High availability on Fly.io

Yeah! It’s about what you’d hope, for the most part. I can answer your questions directly, but it probably helps to understand how load balancing is architected.

We have two kinds of hosts: edge and worker. Edge accepts anycast / network traffic, workers run your VMs. When a user makes a request, they connect to the edge proxy, which then forwards the request to a proxy process on the worker host (we call this backhaul). The local worker proxies are responsible for talking to the VMs, enforcing concurrency limits etc.

Health checks and service discovery run out of band. This system keeps track of what VMs are alive and which are passing health checks. Because it’s a big distributed system that spans the world, it takes up to 2 minutes for edge proxies to see VM state changes.

The edge proxy makes a best guess on where to first send a request based on health, load, and latency.
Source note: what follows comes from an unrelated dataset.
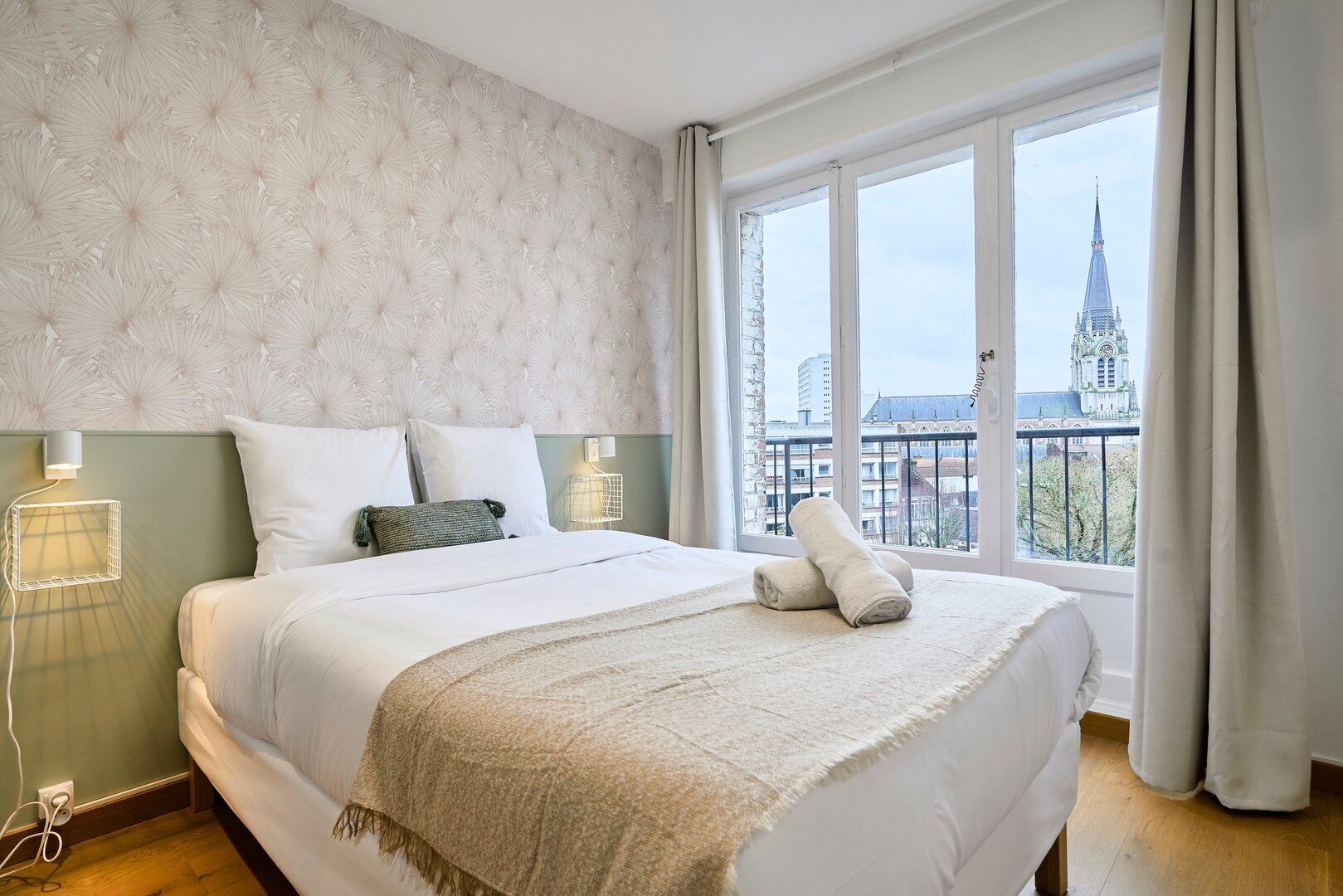 3 bedrooms, desk, iron/ironing board, internet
These are all eventually consistent, so it’s very common for a request to hit an edge proxy and then get forwarded to a bad VM. This is true even when we fix the service discovery delays – it takes quite a while for a proxy in Sydney to detect changes to a VM in Santiago.

Worker host proxies are the source of truth for a given VM. When an edge proxy forwards a request over backhaul, the worker proxy checks the state of the current VM. Assuming it’s under the concurrency limit and the VM is still running, the worker proxy will forward the request to the VM.

If a worker proxy receives a request for a bad VM (overloaded, gone, etc), it will tell the edge proxy to retry the request. The edge proxy will then pick a new VM and repeat the cycle.

When a VM fails to service a request, we will retry when it’s safe. If the VM hasn’t read the request body, we might retry. We can also retry when the VM sends back a “please retry this request” header.

  1. See above for “single region VM crash” and let me know if I didn’t answer that?
  2. The load balancer doesn’t do active health checks, it relies on service discovery for check state.
  3. Health check frequency is defined in the fly.toml under the services section. I tend to run health checks every 1-5s for my own apps.
  4. It takes up to 2 minutes for our edges to see that a VM has changed state. But once a VM stops accepting connections, we retry immediately.
  5. We call this latency shedding, usually. When we can’t service a request in one region due to health checks or concurrency limits, we send them to the next closest region.

Does that help?